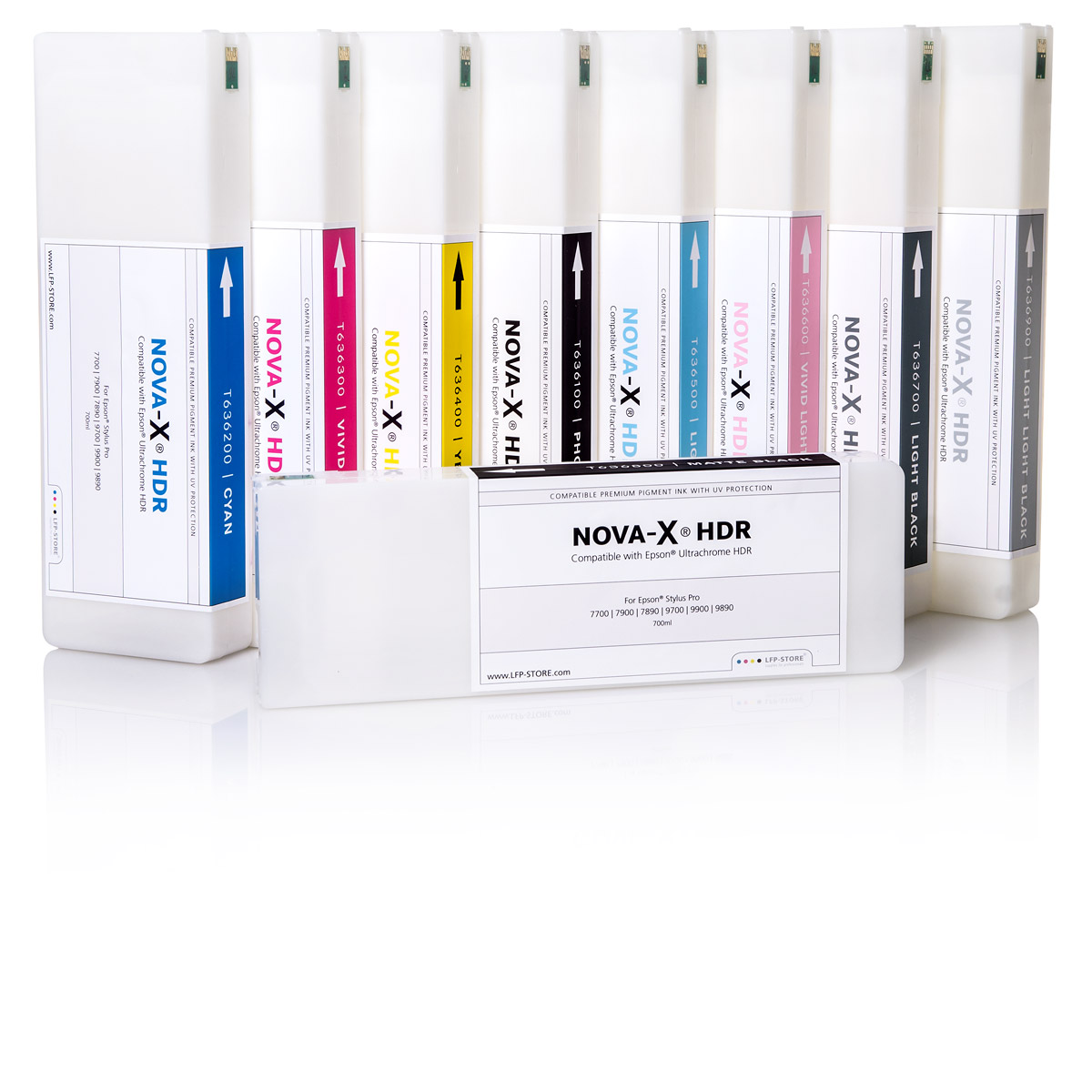 9x 700ml ink cartridge NOVA-X® HDR Tinte | compatible Epson Stylus Pro 7890 9890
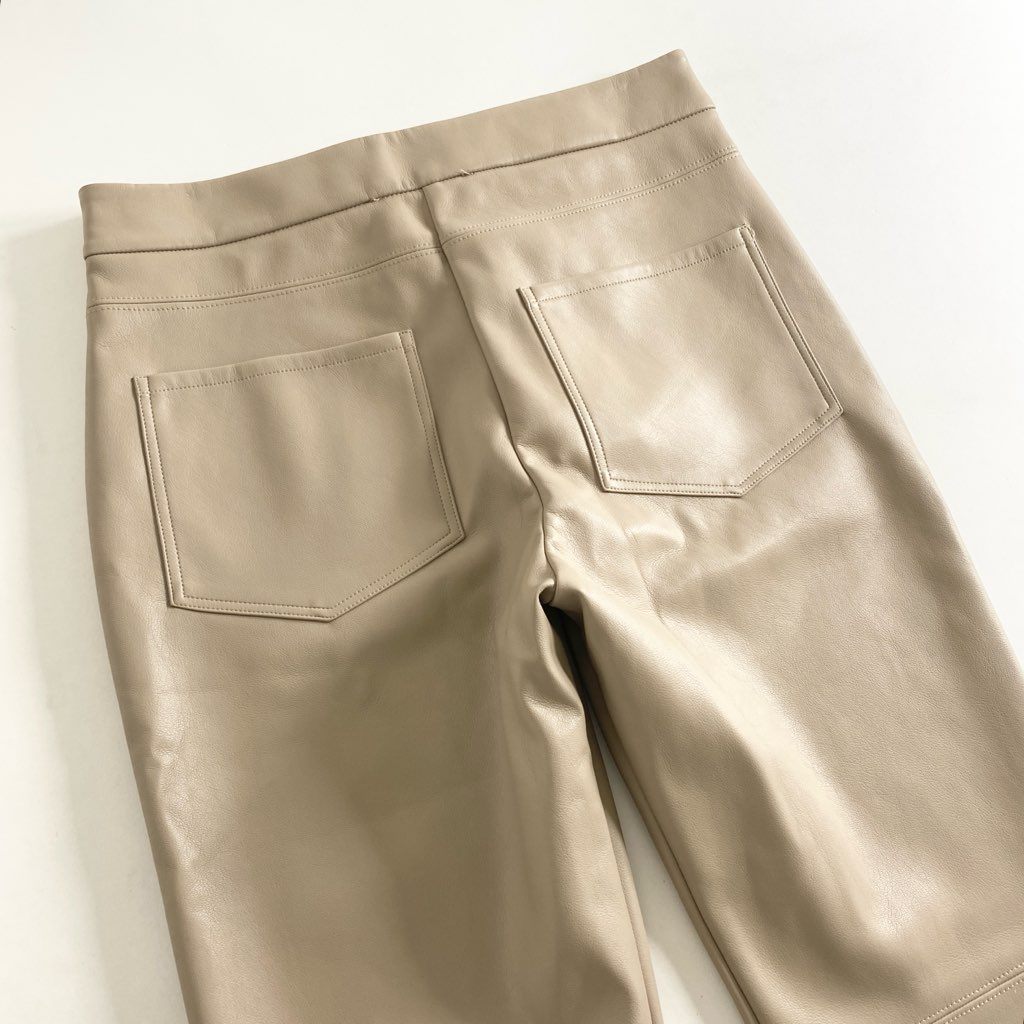 25h23 【未使用】 タグ付 'S MaxMara エスマックスマーラ エコレザーパンツ スラックス ボトム サイズS ベージュ レディース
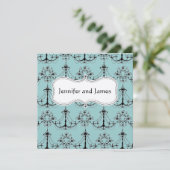 Save The Date Lustre En Crème Bleue Enregistrer La Date (Debout devant)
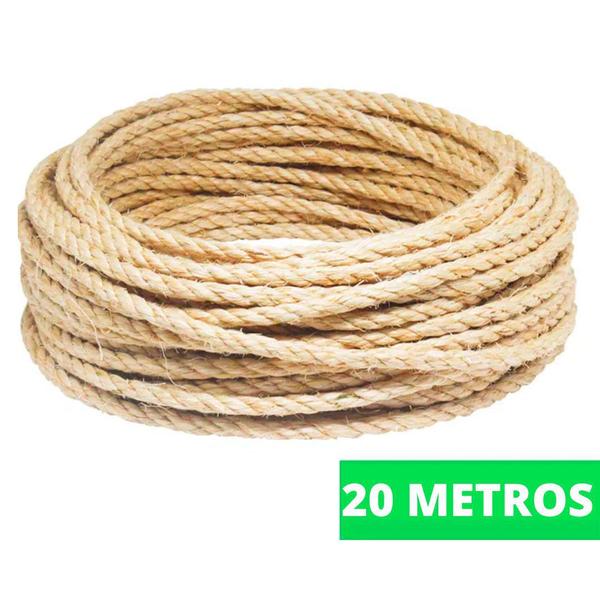 Imagem de Corda De Sisal Natural 5mm 20mts Arranhador Gatos Artesanato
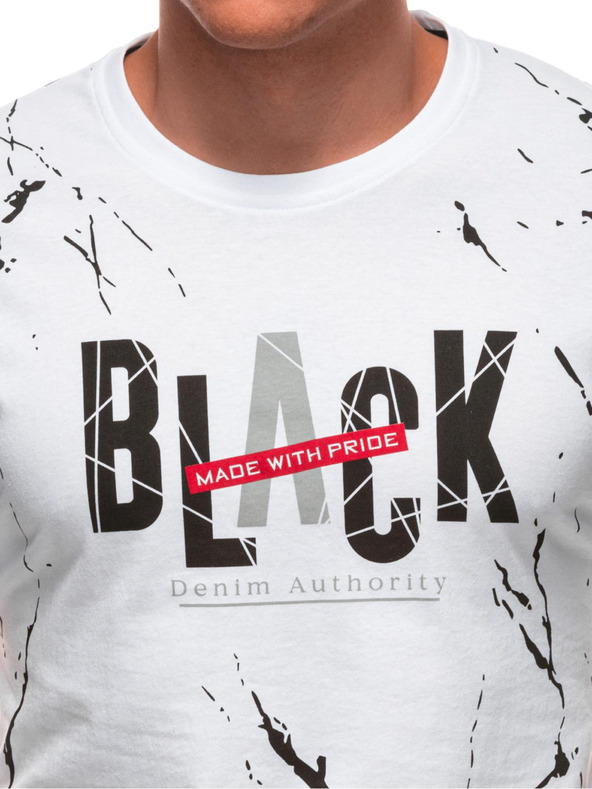 Edoti Férfi póló nyomattal S2028 - fehér OTHER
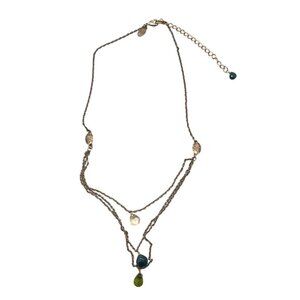 Lydell Triple Strand Gemstone Teardrop Pendant Chain Necklace Gold Tone 17.5-21"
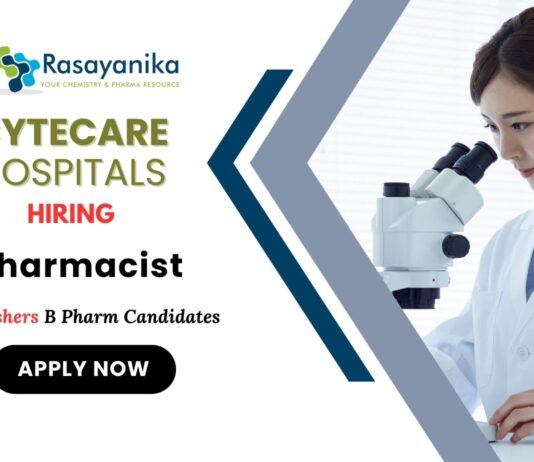 Freshers Pharmacist Jobs at Cytecare Hospitals | B Pharm Candidates Apply Now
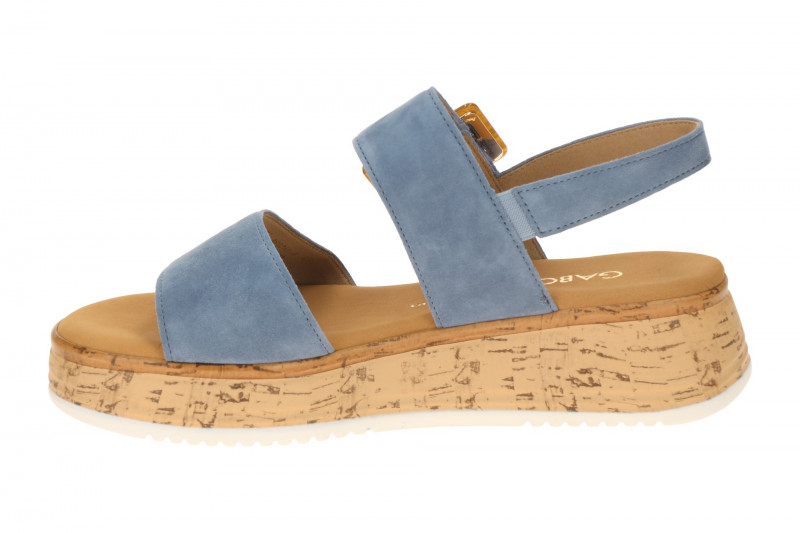 Gabor Plateau Sandale heaven blau Velour 82.744.26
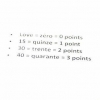 Mantendo a pontuação do tênis em francês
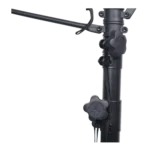 ProX T-LS01M lighting stand dimensional diagram showing 12 feet maximum height adjustment with dual side bars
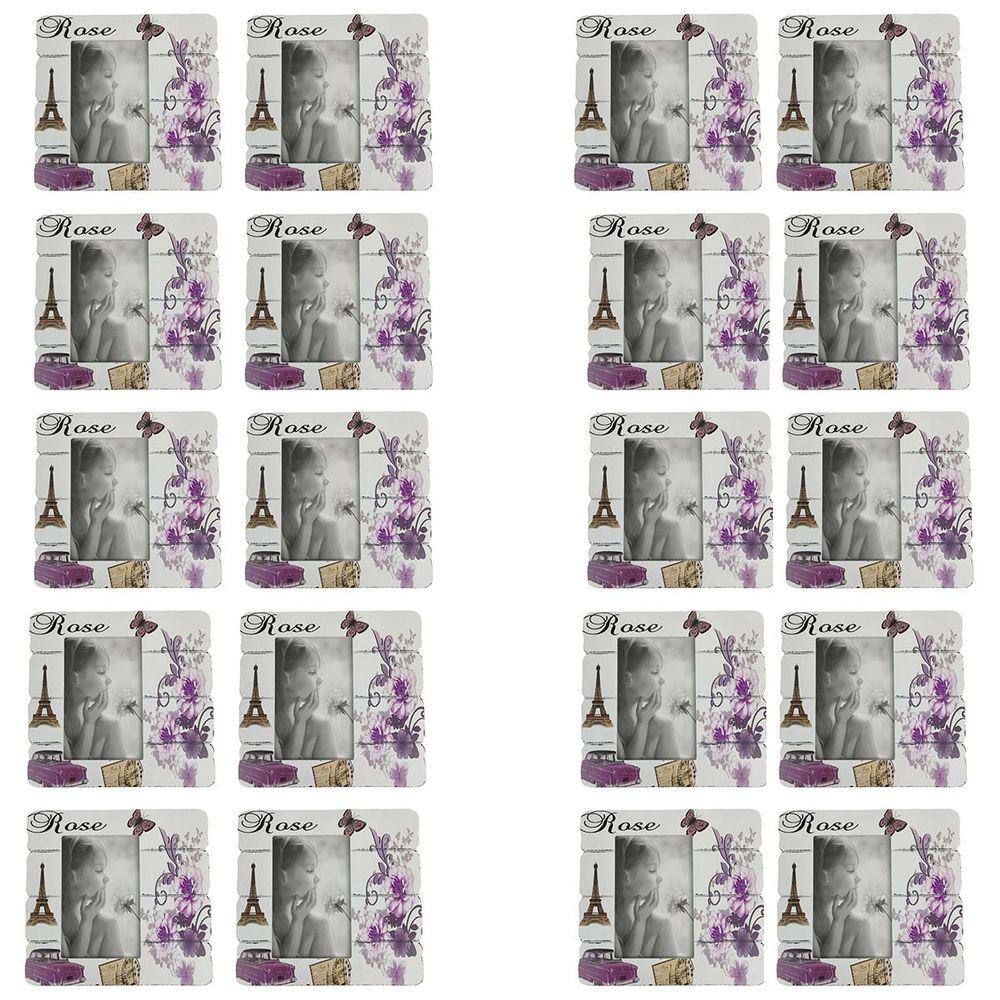 Porta Retrato 10x15 Moldura Paris Kit 20 Unidades Enfeite Flores Decoraçao Fotografia Lembrança Viagem Mesa Estante Prateleira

────────────────────────────────────────

Could you set down word for word each line from the one holding "Gabor Plateau Sandale" through the end of the material above, without any pictures?

Expected answer:
 Gabor Plateau Sandale heaven blau Velour 82.744.26
 Mantendo a pontuação do tênis em francês
 ProX T-LS01M lighting stand dimensional diagram showing 12 feet maximum height adjustment with dual side bars
 Porta Retrato 10x15 Moldura Paris Kit 20 Unidades Enfeite Flores Decoraçao Fotografia Lembrança Viagem Mesa Estante Prateleira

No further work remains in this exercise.